Although there has been a great deal of coverage about the tenth anniversary of the attacks, one story I haven't seen is an analysis of how we remember those attacks. So I was quite interested in a recent Q&A with John Gabrieli, PhD, who, when he was at Stanford, undertook a large-scale study of how people remembered the attacks. Here's a bit of the MIT News Office release:
Q. How do the emotions experienced during a traumatic event such as 9/11 influence how we recall what happened?
A. In general, emotions substantially enhance our memory for experiences. Indeed, there is a brain structure, the amygdala, which seems to be specialized for the enhancement of memory on the basis of emotion and arousal.

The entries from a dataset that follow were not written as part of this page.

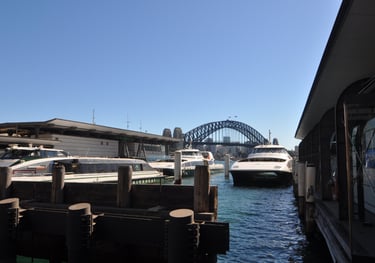 Circular quay, Sydney harbour, Australia
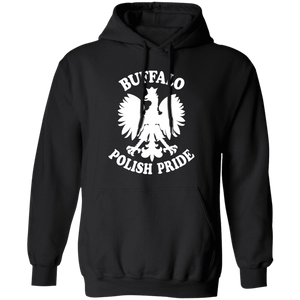 Buffalo Polish Pride - G185 Pullover Hoodie / Black / S - Polish Shirt Store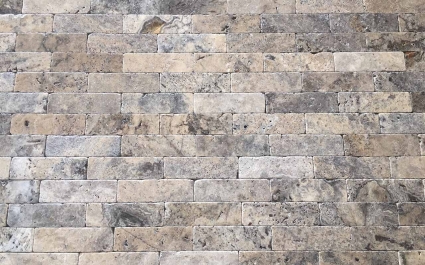 Travertine Silver
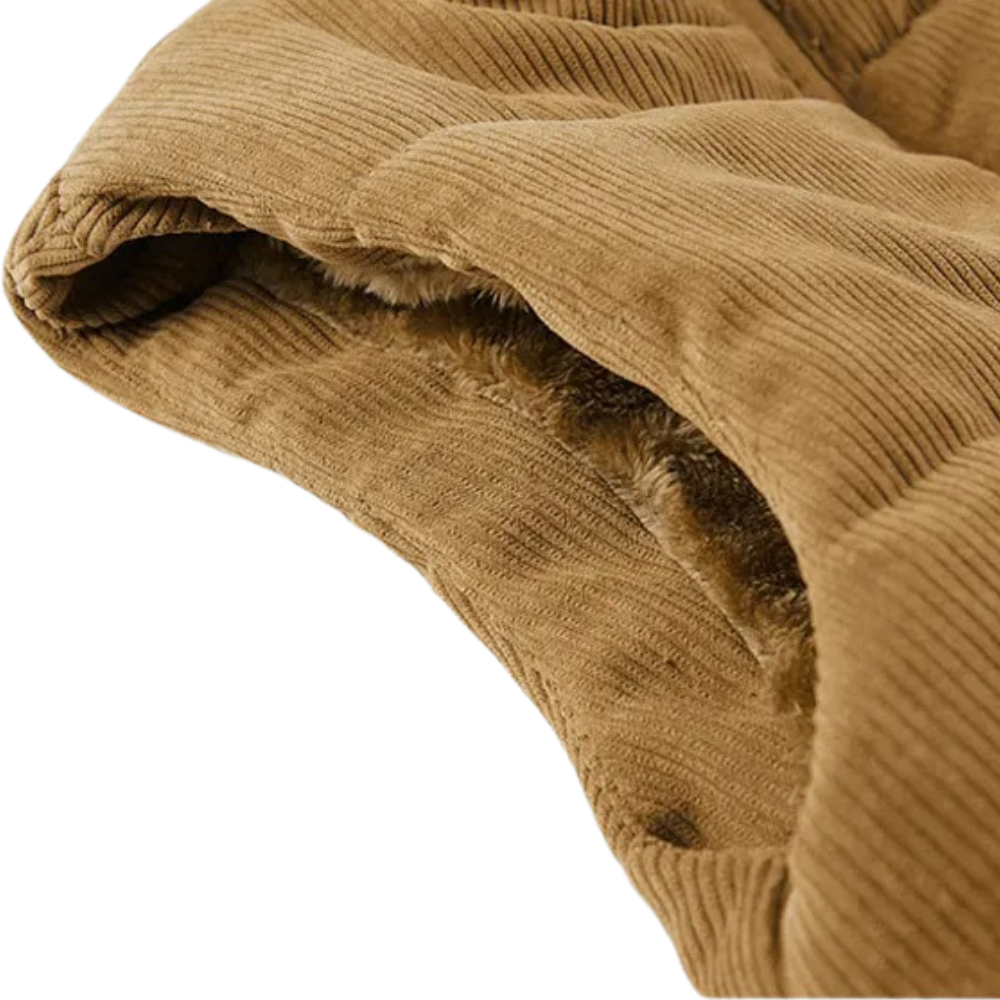 Corduroy Puffer Vest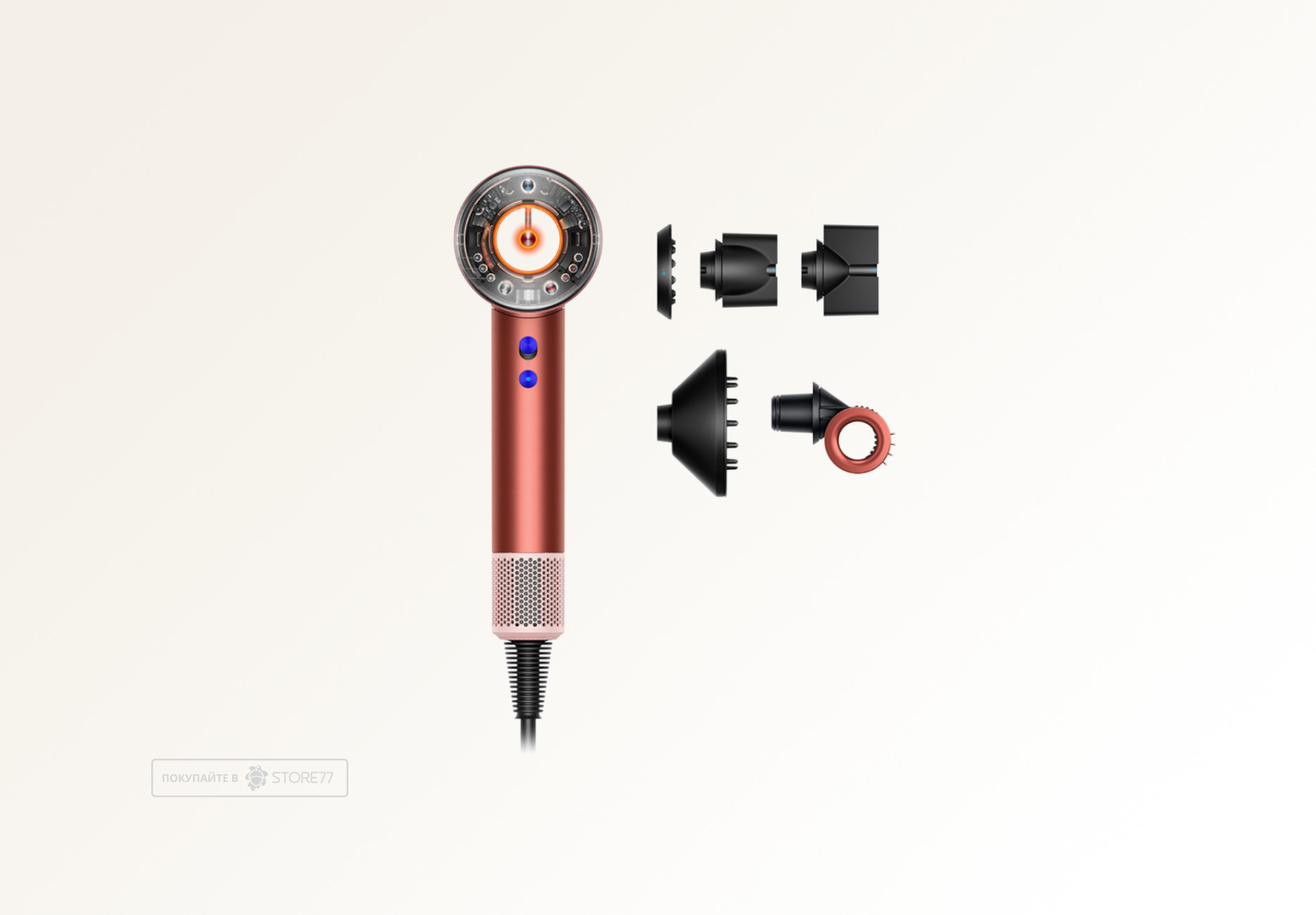 Фен Dyson Supersonic Nural HD16 для прямых волос (Straight+Wavy), цвет: клубничная бронза/розовый румянец (Strawberry Bronze/Blush Pink)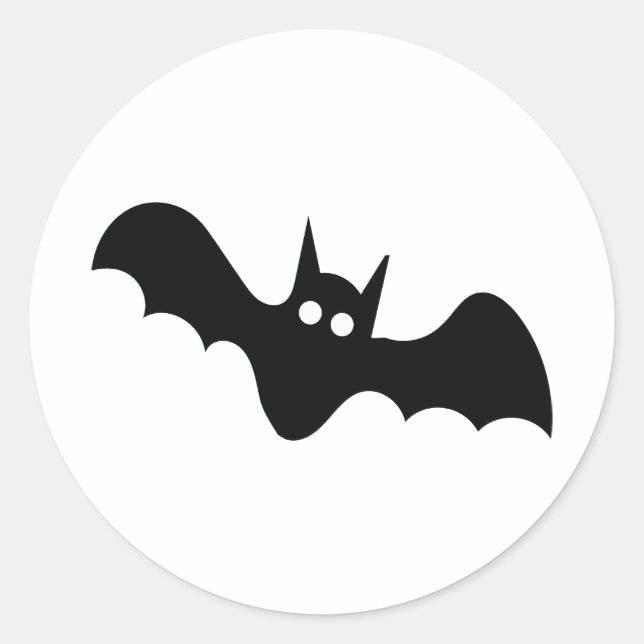 Sticker pour chauve-souris d'Halloween (Devant)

But two other aspects of emotionally charged memories have been noted in multiple laboratory and real-life studies. First, the natural focus on the … emotional experience often decreases memory for other aspects of that experience. Second, because the event is so powerful, people are often overconfident that their memory for all aspects of the experience is highly accurate. We may agree that we remember little about Sept. 3, 2001, but we feel we remember a lot about our experience on Sept. 11, 2001, with great certainty.
And, however we may have formed our memories of that day, today our thoughts are with the victims of 9/11 and with the families they left behind.